Take some in-vitro meat and package it into a fleshy cube about 3 cm on a side. Shrinkwrap it in plastic packaging once it comes off the production line in a vacuum chambre, making sure to give it plenty of blood and juices. Sell this concoction in vending machines for fifty cents a package.

Having assumed it is grown in a culture vat, it can be eaten completely raw, in its packaged form, without any fear of parasites or bacteria. At last we can have sashimi and beef tartare without fear of contracting some horrid disease, available to the masses in a simple, easy-to-open plastic package in appealing primary colours.
-- qt75rx1, Mar 17 2008

In Vitro Meat http://en.wikipedia.../wiki/In_vitro_meat
Meat grown in a culture vat! Vegetarian-friendly as no animals were harmed in the making [qt75rx1, Mar 17 2008]
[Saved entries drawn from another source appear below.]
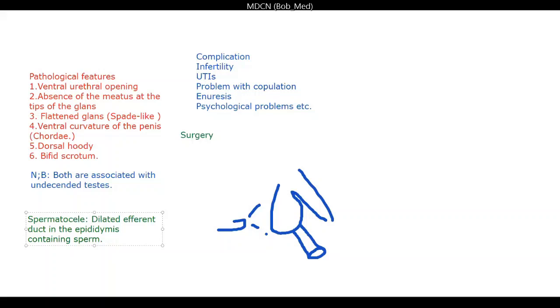We will continue with the other parts including epididymitis and the rest of urology in the next session.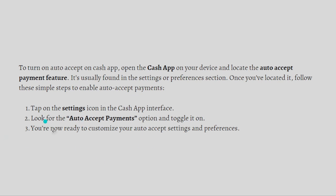So these are the simple steps that you can do to turn on the auto-accept payments on your Cash App.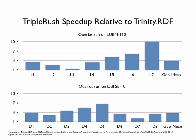On the DBPSP10 queries, TripleRush is between 2 and 6 times faster than Trinity RDF. In the geometric mean, TripleRush is more than 3 times faster.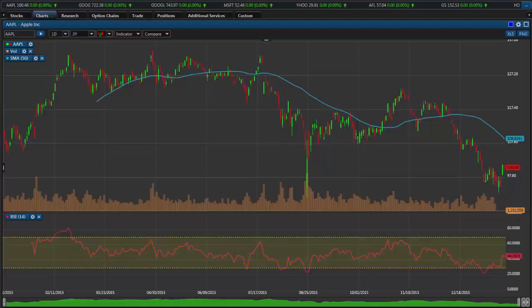Today we're going to take a look at the technical analysis and charting abilities of this new trading platform. Under the Charts tab is a full screen charting widget that allows you to look at technical analysis and add technical indicators.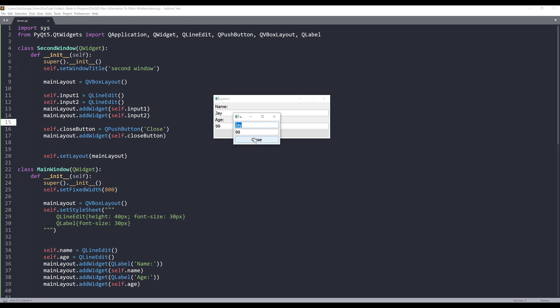And I can close the second window and change the information. And this time I'm going to change the name from Jay to Mark. I'm going to change the age from 99 to let's do 45.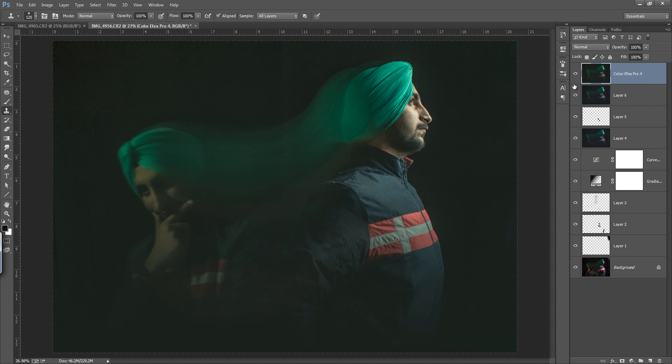This is your final result. So in this way you can create very nice drag shutter photography effects and edit them in this way. Thank you friends, keep watching Inspiration Education.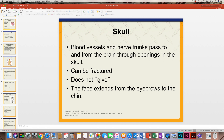The skull can be fractured — it doesn't give. For instance, my son's friend was in a car accident with severe damage to his head. The skull was fractured, and they literally had to take out a part of his skull, reconstruct it, and put it back in. It's a very sensitive area, obviously, because it does protect the brain.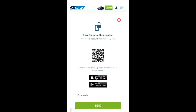Google Authenticator can be used to keep you safe with 1xbet. You can also install the Google Authenticator app from the App Store and activate it to gain authentication, even if you are using Safari.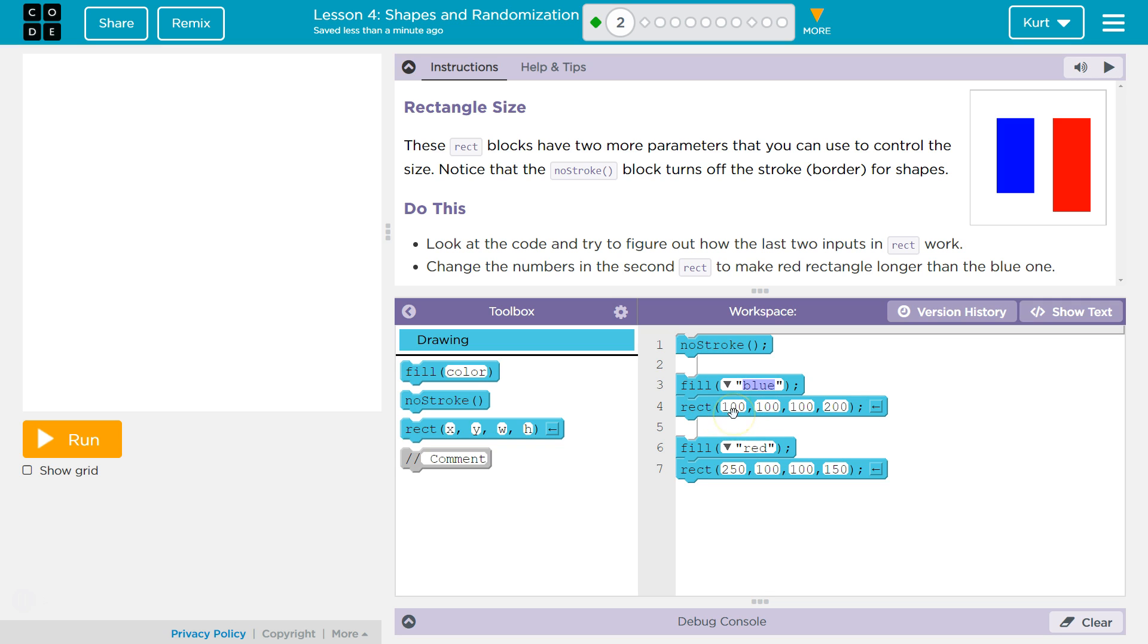In rect, well, it has a lot of parameters: a hundred, a hundred, a hundred, and two hundred, right? So there are X parameters, Y parameter, and then height and width.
Vat Grown Food Vat_20Grown_20Food
[phoenix, Mar 17 2008]

Stem Cell Steak Stem_20Cell_20Steak
[phoenix, Mar 17 2008]

cattleless meat cattleless_20meat
[phoenix, Mar 17 2008]

sorry I like my meat fresh off the vine.
-- dentworth, Mar 17 2008


<shudders>
-- wagster, Mar 17 2008


No thanks.
-- skinflaps, Mar 17 2008


Accept for the packaging part, I think this was baked in Ray Kurzweil's book, "The Singularity is Near."

This does address 2 of the 3 main reasons to be a vegetarian: animal rights and environmental(deforestation and pollution caused by cattle).
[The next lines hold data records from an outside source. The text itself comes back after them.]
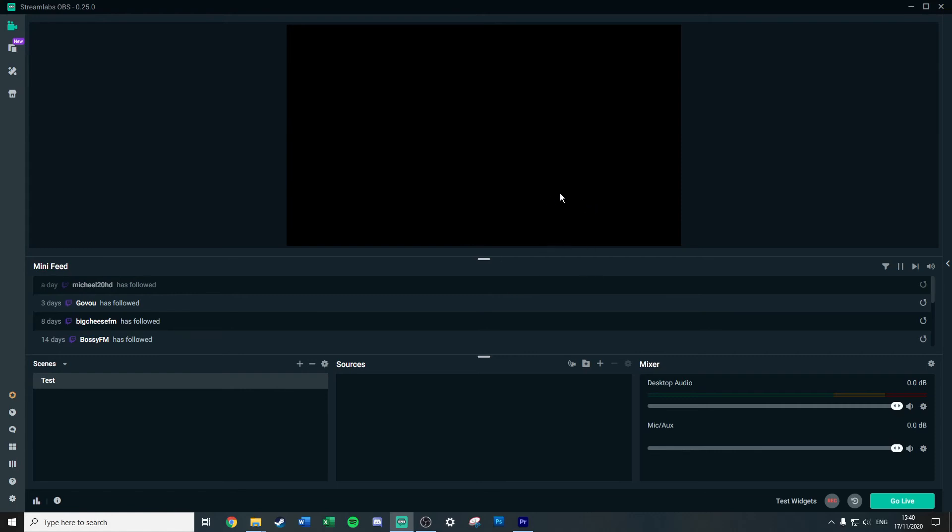So now what you'll notice with Streamlabs is that the bare bones it looks very very similar to OBS in the sense if you have your little window for your display, you've got a little column for scenes, one for sources, and a little mixer. And to be honest, for the rest of it they are also pretty similar as well.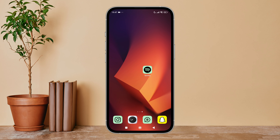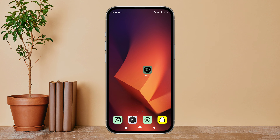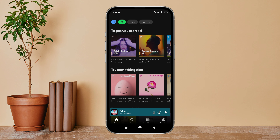Hello everyone, welcome back to another episode of Technology Clans. Today in this video I'm going to guide you through how you can disable private session on Spotify. So let's get started. Firstly, open the Spotify app on your device.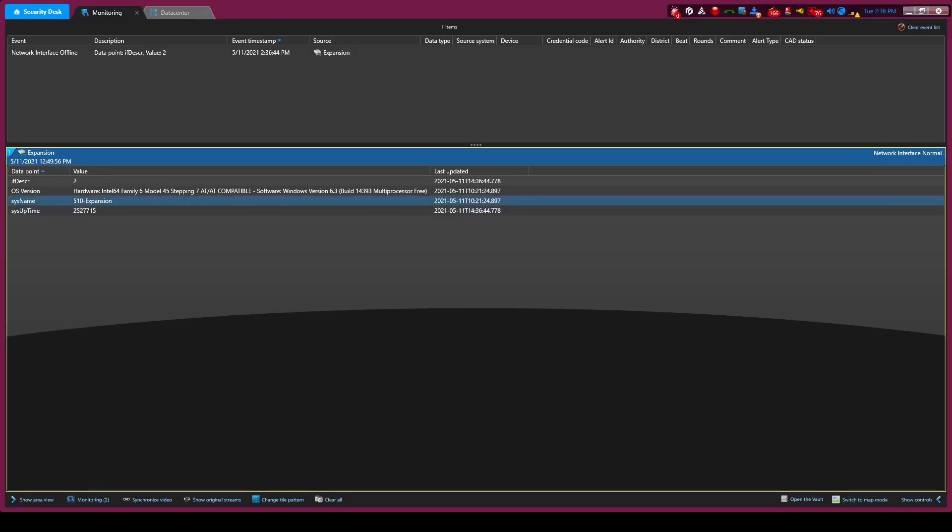Now you can see that the status has changed and we're triggering a threat level as shown by the plum purple color around Security Desk.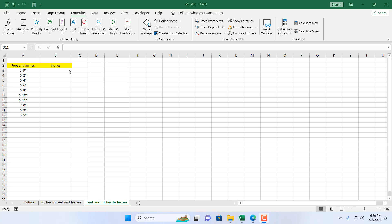How to convert feet and inches to inches in Microsoft Excel. Hello everyone, welcome to Excel 10 Tutorial. In this advanced Excel tutorial, I'm going to show you an excellent way to convert feet and inches to inches in Microsoft Excel. Let's get started.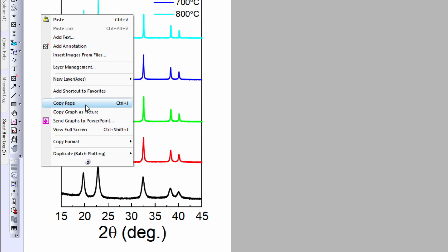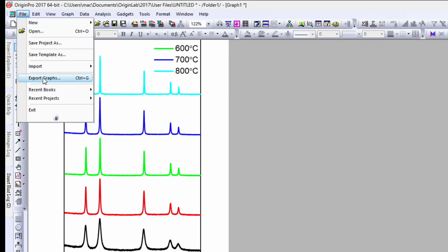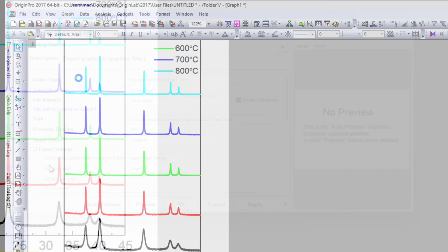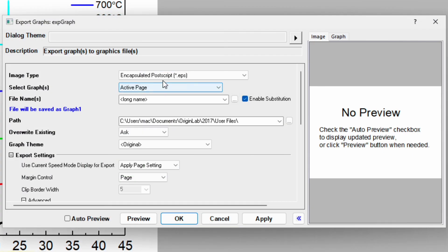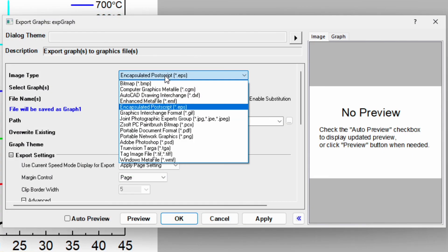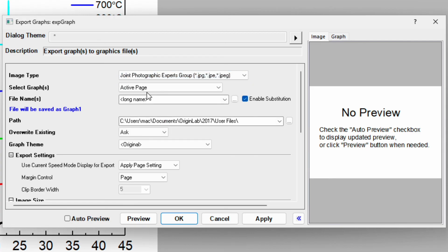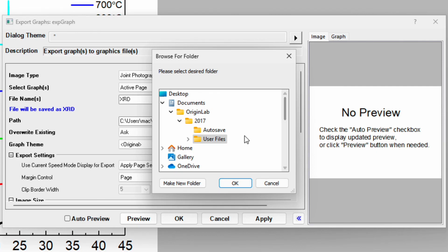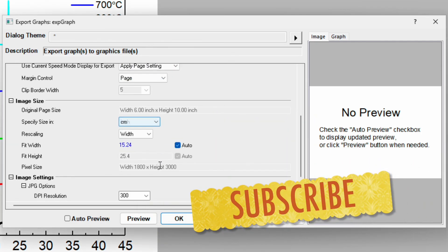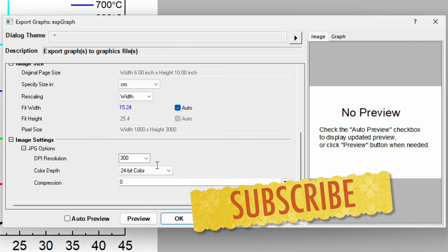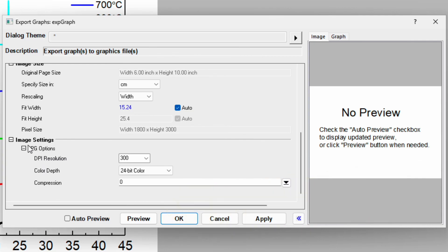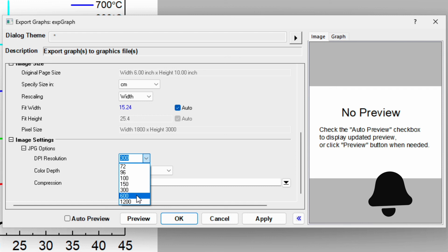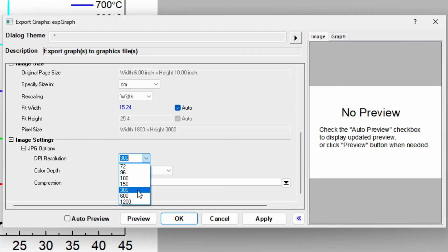Go to File, Export Graph, or use Control+G. Choose the file format - I prefer JPG. Name the file 'XRD' and select the folder to save it, which is the desktop. In image settings, choose the DPI resolution. 300 or 600 are both acceptable for research publications. I choose 600 and click OK.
I suppose you could also make this robo-beef healthier as well, but at what point is it no longer meat?
-- bneal27, Mar 17 2008


If this had been around in Renaissance Venice, it could have solved a lot of problems and ruined a perfectly good play.

It doesn't solve the trophic level problem though. Also, muscle meat grown in such conditions might have weird combinations of fatty acids in it, i.e. it might be unusually low in omega-three and omega-six, because of the lack of physical activity to which the muscle is subjected, so although there might be an advantage in the lack of antibiotics and hormones, there would probably be other problems. It would also not be entirely cruelty-free.
-- nineteenthly, Mar 17 2008


Reminds me of a Oxo cube.
-- skinflaps, Mar 17 2008


It's an esquired taste, for the refined pallet
-- 2 fries shy of a happy meal, Mar 17 2008


From the refined pullet?

Preheated in science fiction for decades.
-- normzone, Mar 17 2008


Ah, true, but the sci-fi writers never thought of selling it in prepackaged vacuum-sealed plastic wrappers and marketing it as a healthy snack for children! Like a hunk of sashimi, to acquaint them to the taste of raw flesh!
-- qt75rx1, Mar 17 2008


Oh no it's Soylent Green time again !
-- xenzag, Mar 17 2008


//it bypasses the normal waste- management and antibiotics procedures of intensive farming, creating less waste and pollution.//

Did you stop to read anything about in vitro culture before posting this? The resources (including, normally, antibiotics) needed to produce this way are far greater than those needed when using a cow.
-- MaxwellBuchanan, Mar 17 2008


Only the Wikipedia article. It seemed to imply that, if the necessary infrastructure were in place, it might lower costs to a level comparable or less than that of ordinary factory farming. Perhaps I need to do more research?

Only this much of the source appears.